Caratteristiche e accessori[modifica | modifica wikitesto]

La persiana può essere corredata con uno sportello apribile a bascula verso l'esterno, detto persianina o gelosia. La moderna ferramenta a corredo della persiana è costituita per la chiusura da cremonese comandata con maniglia, oppure da astine verticali con terminale a gancio per il fissaggio a perni infissi nel davanzale e nel mezzanino della finestra.

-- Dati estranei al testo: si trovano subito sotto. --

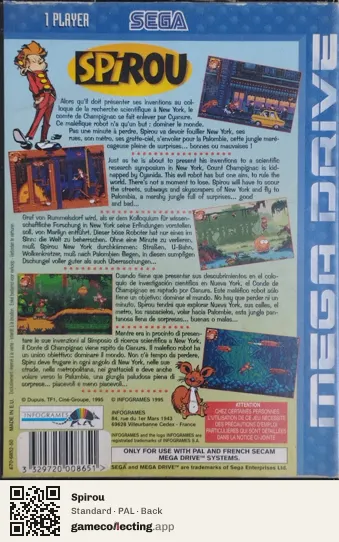 Spirou Sega Mega Drive / Genesis, PAL box back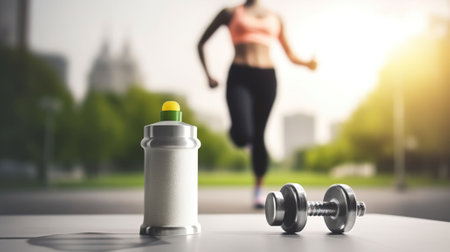 Composition with metal dumbbell, protein shake and blurred woman jogging on background, Generative AIの素材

In origine l'anta della persiana era mantenuta chiusa in basso con un gancio infisso nel telaio della finestra che si aggancia ad un anello avvitato nel traverso basso dell'anta della persiana; in alto, invece, era fissato all'anta della persiana un gancio a molla che si agganciava ad un apposito ferro a U fissato al telaio della finestra e aderente al cielino del mezzanino, e che veniva sganciato mediante tirante in filo di ferro sagomato a piccola maniglia ellittica all'estremità inferiore.
Per il mantenimento in posizione aperta invece ci sono dei ferma-persiana fissati all'esterno della facciata, normalmente in corrispondenza del bordo inferiore delle ante.